Are the older portions – about her father, about Joe – simply stories being made up for Pablo's screenplay? Why does the visual palette go all the way from black-and-white to full colour to something in-between, sometimes within the same scene? Why does the sound of rumours turn into a sort of background score? Why does the line "No one is perfect" sound like an homage to the ending of Some Like It Hot? Why must a film be "true"? Between these bouts of cinematic (or Godardian) playfulness, Ananda's story takes an unexpected turn. His DVD store is getting rid of its stock, and he ends up with a copy of Godard's Breathless. Ananda has never seen anything like it. His friends are bored out their wits, because they want “scenes”. But Ananda is hooked – and here's the film's most beautiful thought. Art has the power to move you, even if it's an art you've never been exposed to. Sometimes, if you give it a chance, the connect just happens.
Ananda now wants this connect to happen to the others in his village, and so he wants to screen Breathless for everyone. Is this practical? Will the villagers watch an arty film in a language they do not know (and in a film language they are not familiar with)? A discussion ensues with his friends. Our ancestors stopped using their tails and so we have no tails now. Now imagine what might happen if we stop using our brains. An optimistic Ananda declares that this movie will make the villagers use their brains. "Thinking will enrich them. New ideas will be born." For example, why should we always think of films as having heroes and heroines and villains? Why can't they all just be… "characters"? Why should a film fit into a box that says it's a romance or an adventure or a thriller? Can art be owned? Amartya Bhattacharya seems to be asking these questions not just in the context of Godard but also mainstream Indian cinema.

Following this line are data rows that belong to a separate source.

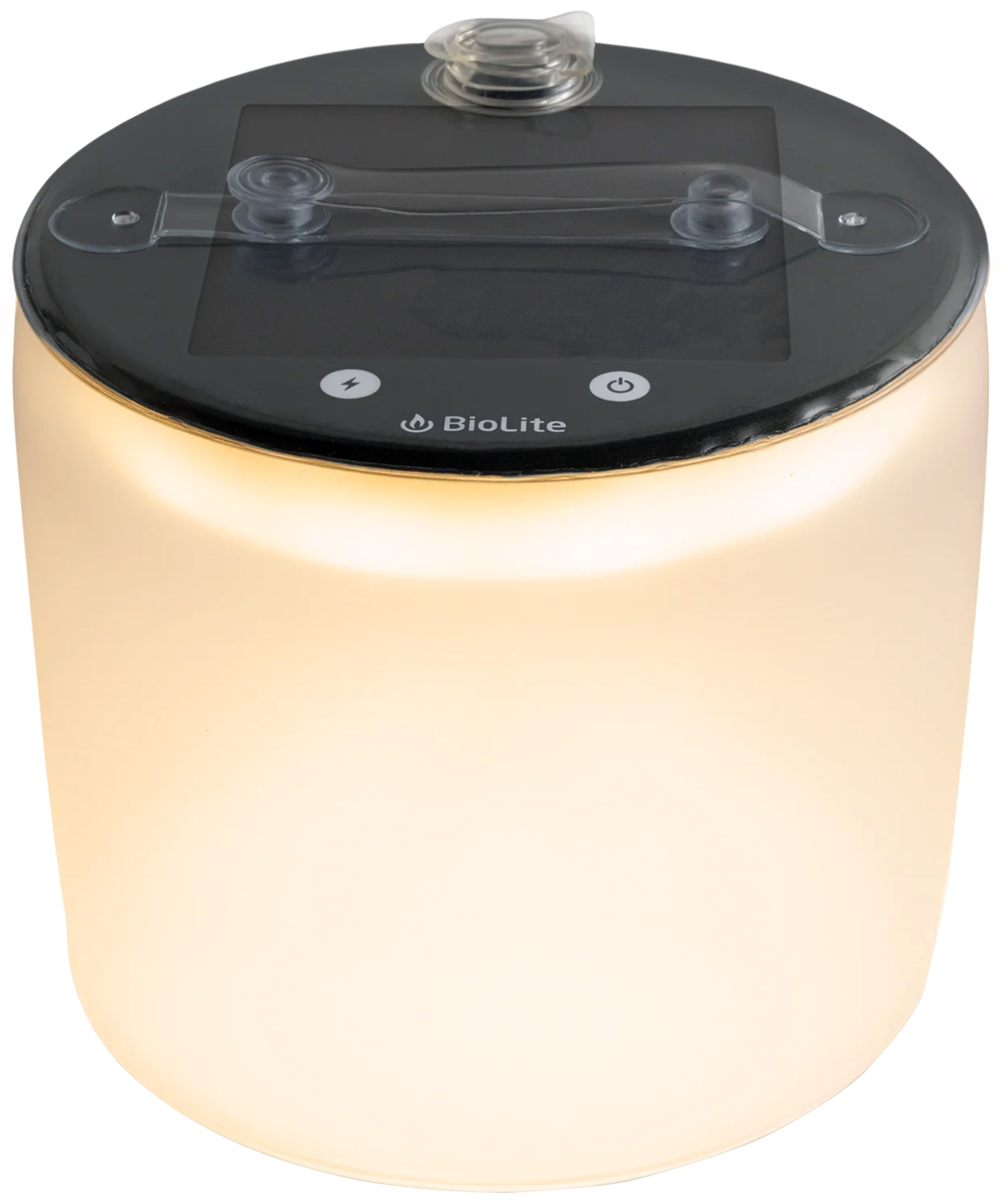 Luci Charge 360 BioLite udstyr
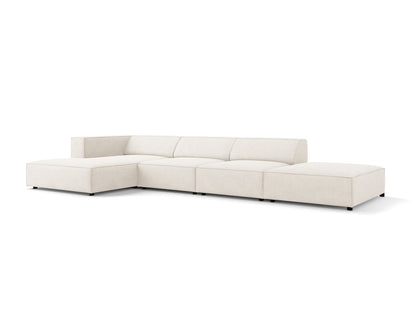 Arendal Corner Sofa (5 Seaters) - Chenille with corduroy effect - Gallery image 3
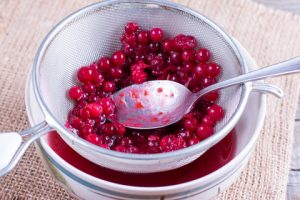 cranberries and cancer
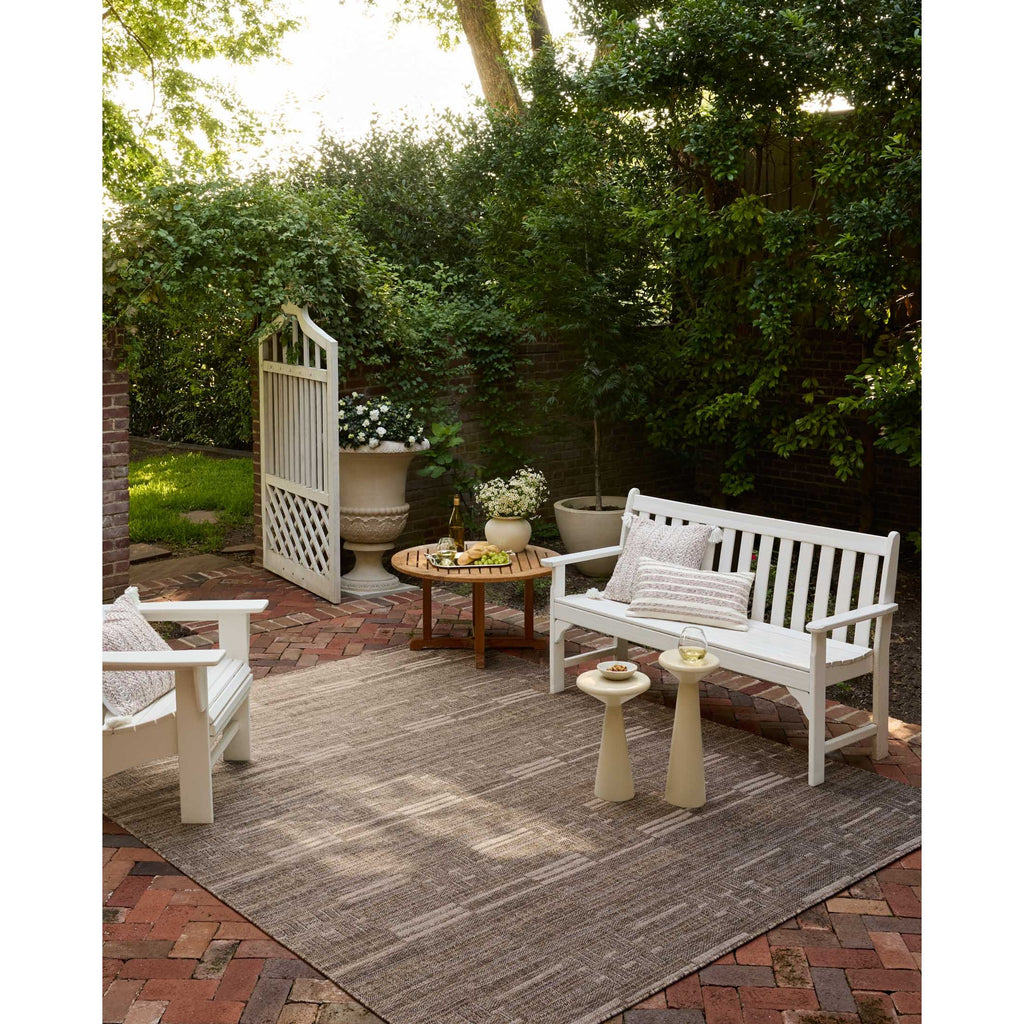Birch Natural / Beige Indoor/Outdoor Rug - Light House Co.
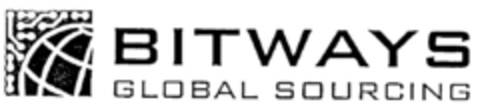 BITWAYS GLOBAL SOURCING Logo (DPMA, 08.09.1999)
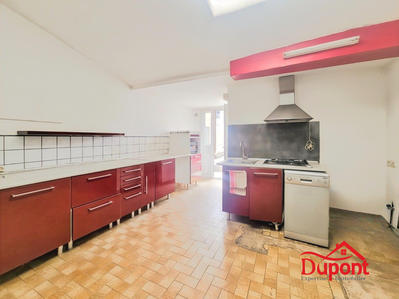 Maison - 105 m² - 5 pièces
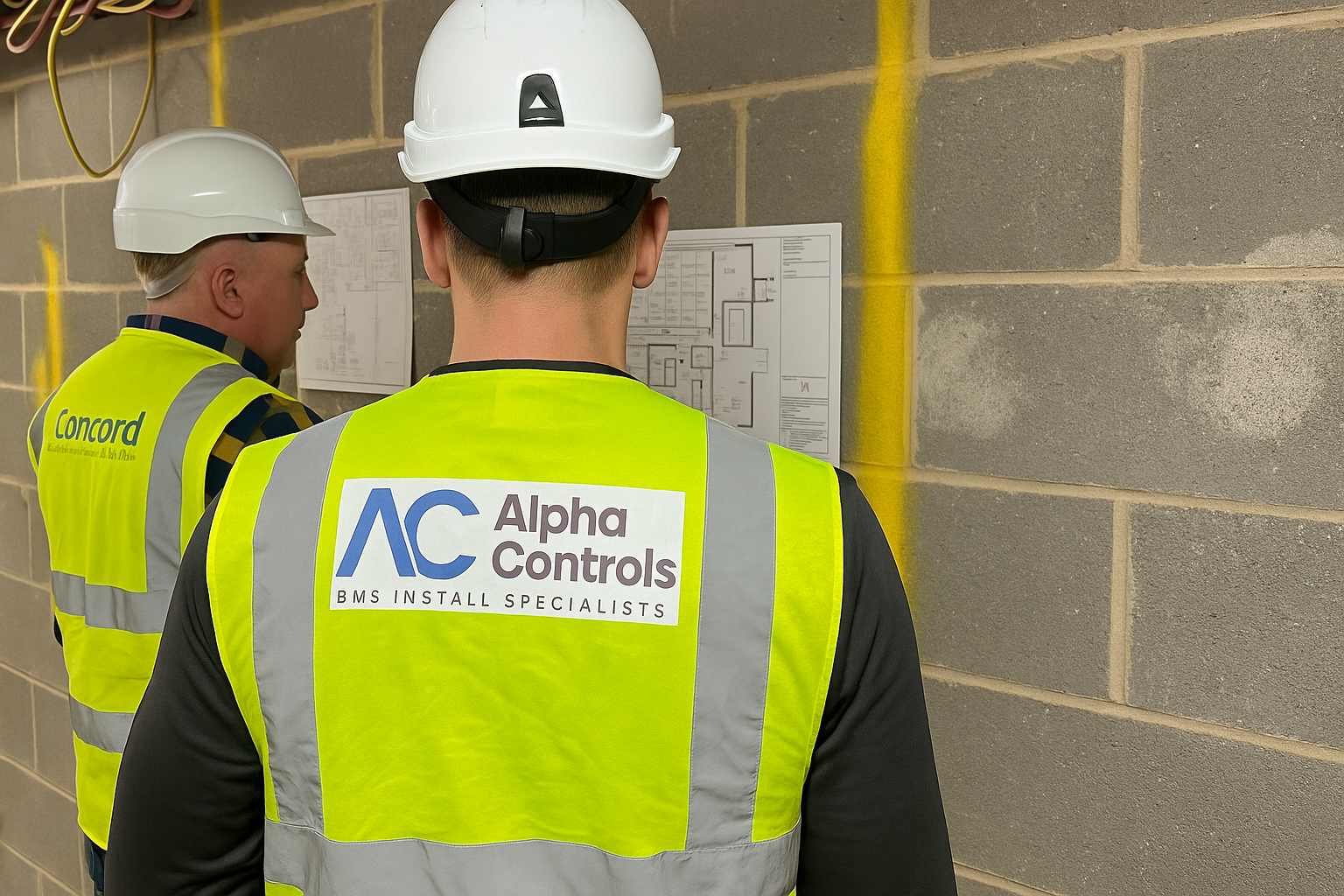Alpha Controls Engineers
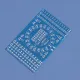 SMD Advanced Full Patch Welding Practice Board Electronic Components SMT Skills Training PCB Welding Practice Kit. 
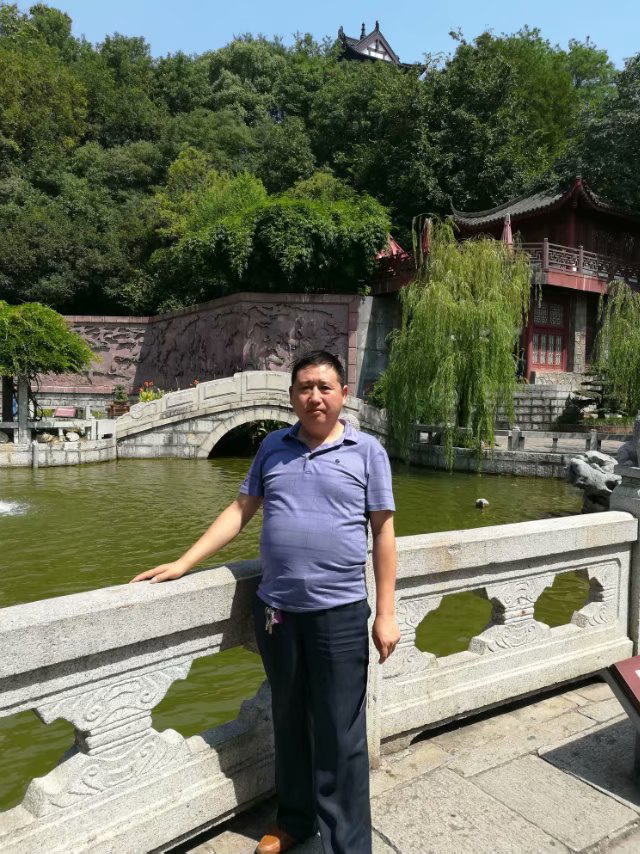 徐同學(xué)--學(xué)無(wú)止境，不負(fù)一生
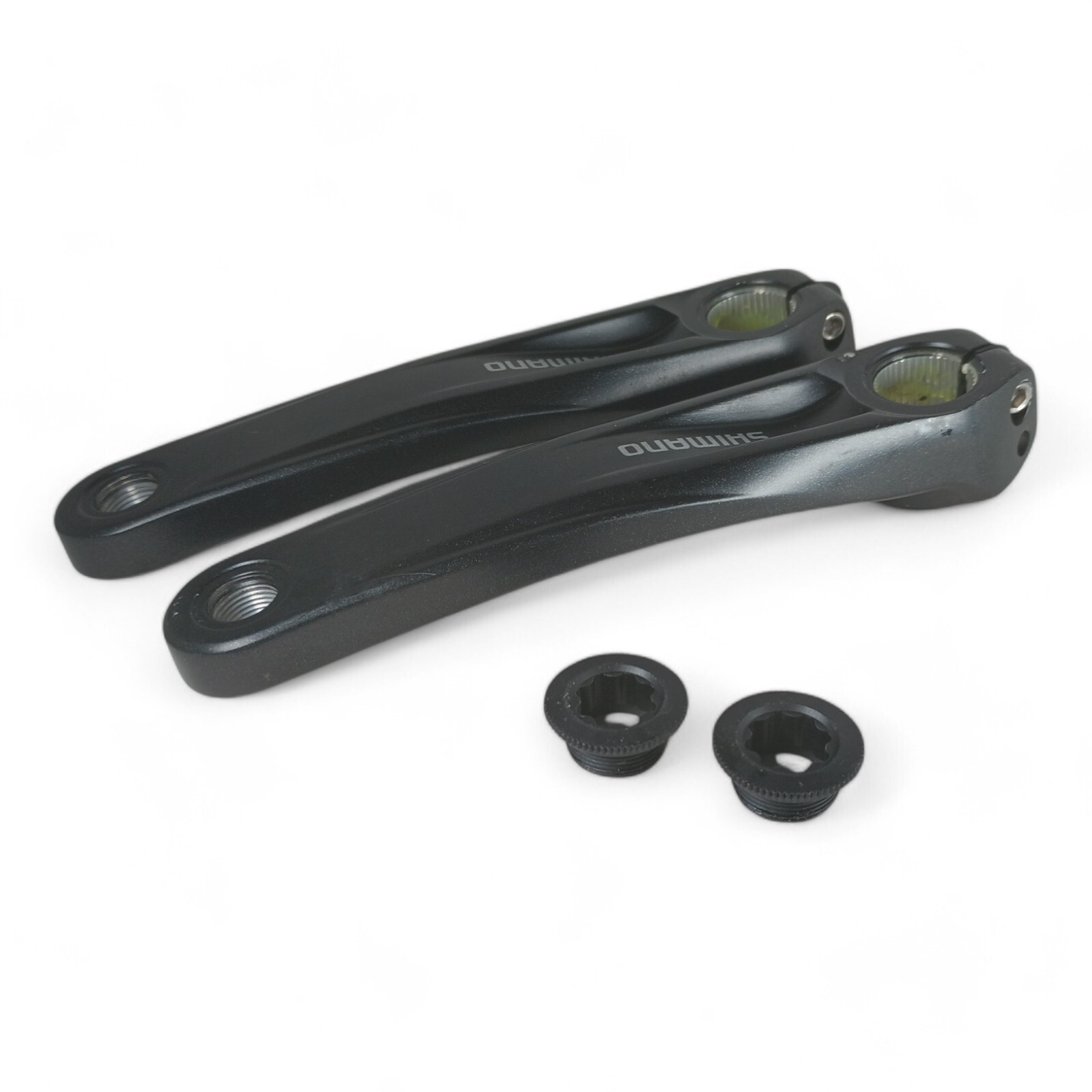 Shimano FC-E8000 165mm Ebike Crank Arms fit EP8 motor crankset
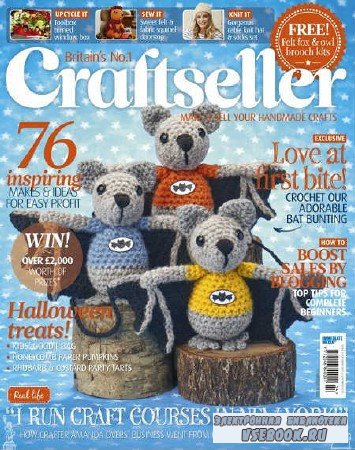 Craftseller Issue 54 - 2015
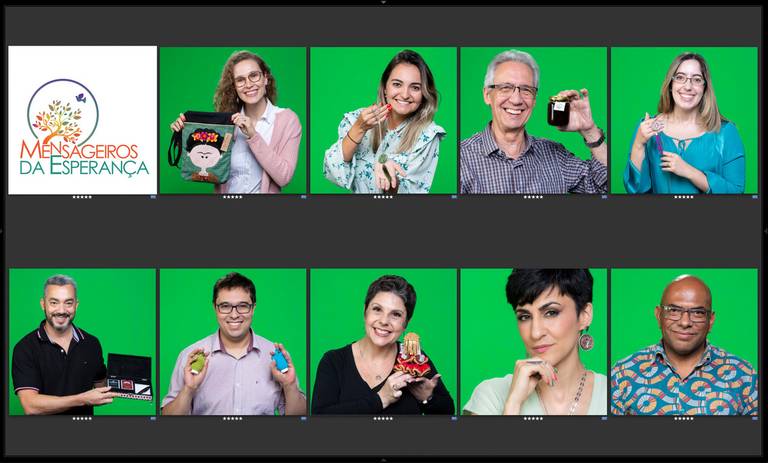 Retrato Corporativo 
Foto Corporativa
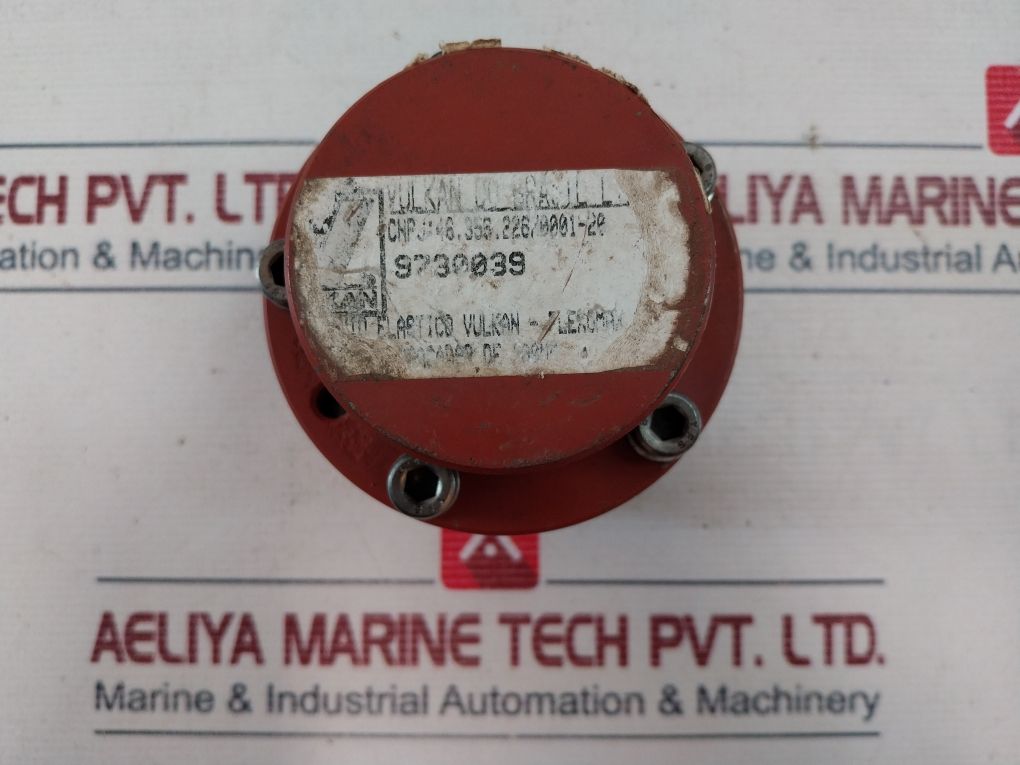 Vulkan 9730039 Elastic Coupling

The film is in Odia and English. Some of the lines appear stilted (then again, everyone speaks English differently), and some of the acting is too broad. Ananda's friends, especially, oversell their eagerness. But the framing is utterly gorgeous, and the film keeps finding ways to surprise us. When the villagers see Breathless, for instance, what we see are serene images of nature – the settings surrounding the screening. This is itself a narrative rupture. The characters see one thing. The audience sees something else. And yet, both visuals are connected by geography. Adieu Godard takes its playful premise into very serious zones, where we seem to be watching not just the story (or stories) within this movie, but something bigger, something about the art form that is cinema. Godard said: "Every film is the result of the society that produced it." In this film, we see that even if a society rejects a film, another film can be made about it. If that sounds a little self-reflexive, well, that's Godard.